New price for affordable luxury
Thanks to a recent price reduction — not just a rebate but an actual reduction in MSRP — of $4,600, the new king of the cost-effective luxury hybrids has got to be Lexus NX 300h. With a combined fuel consumption of just 7.5 L/100 km, the electrified luxury sport cute makes many a compact sedan look spendthrift and completely smacks down its gas-only NX 300 sibling, its 9.7 litres per 100 klicks seems positively gas-guzzling by comparison. That adds up to a fuel savings of $740 a year — a reduction of almost a third — which means, thanks to Lexus Canada’s recent price cut to $46,650, the upgrade from lowly NX 300 ($44,150) to hybridized 300h will pay for itself in just 3.4 years.
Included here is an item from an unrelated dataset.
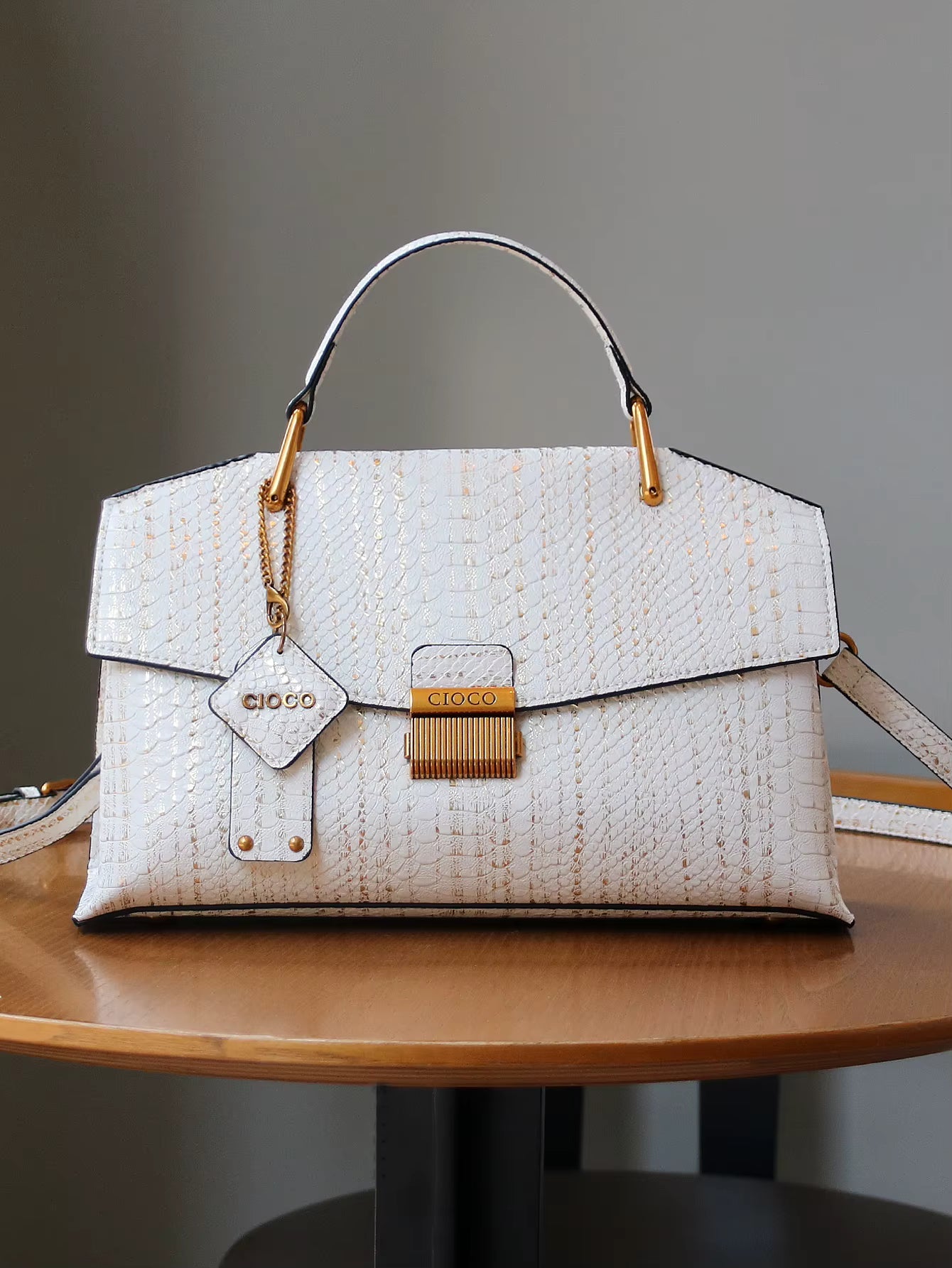 Luxury Snake Shaped Lightweight Large Capacity One Shoulder Handbag Mssza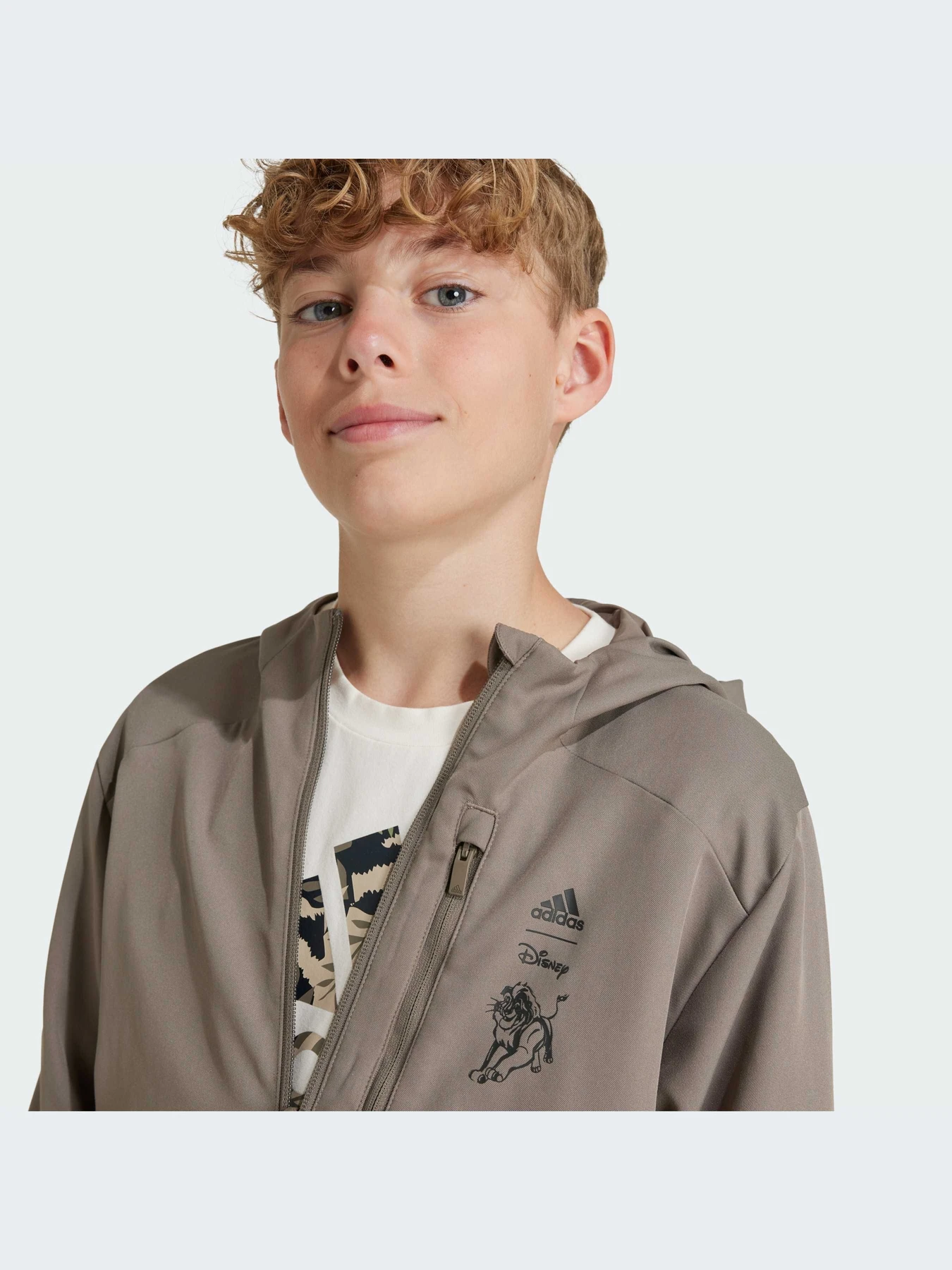 Куртки и дубленки Adidas x Disney модель IV9633 Куртки и дубленки Adidas x Disney модель IV9633 Фото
The 300h is no slouch, either, its 194-hp Hybrid Synergy Drive plenty peppy. It’s also roomy inside and, as we’ve found out in recent road tests, pretty darned luxurious considering its price point. It is worth noting, however, that that 2020 price cut does see things like the sunroof and power tailgate move from the standard features list into optional packages. Nothing, not even consuming less fuel, comes without a price.
The whole family wants to go green
Despite this whole trend to three-row SUVs as the family haulers of choice, nothing beats a minivan for moving people. And probably the best minivan — certainly the greenest — available is Chrysler’s Pacifica Hybrid. Mating seating for seven with a plug-in powertrain that combines an Atkinson-cycle 3.6L V6 and two electric motors, the Pacifica Hybrid is rated by Transport Canada for 2.9 Le/100 km and, thanks to its 16 kilowatt-hour battery, it will travel up to 51 kilometres on electricity alone. Like I said, it is the greenest minivan available and the $1,043 it costs to operate every year clearly undercuts such stalwarts as Honda’s Odyssey ($2,183) the Toyota Sienna ($2,203) and is less than half of what it costs to drive the non-hybrid Pacifica ($2,224) for a year. In fact, that’s even less than it costs to fuel the little, bitty Corolla Hybrid for a year.
The Pacifica also comes with FCA’s excellent UConnect infotainment system and, of course, cavernous cargo carrying ability. That said, the hybrid version only comes in a seven-seater format (unlike the gas-only version, which can be had with seating for eight) and loses the Stow ‘n Go cargo area. Consumer Reports sees this as a benefit because the actual seats are comfier, but the best thing about the electrified Pacifica is that, thanks to Trudeau’s $5,000 zero-emissions rebate and an extra $3,000 in incentives from FCA itself, you can slide into a 2019 Pacifica Hybrid for as little as $44,571, making it a bargain as well as environmentally friendly.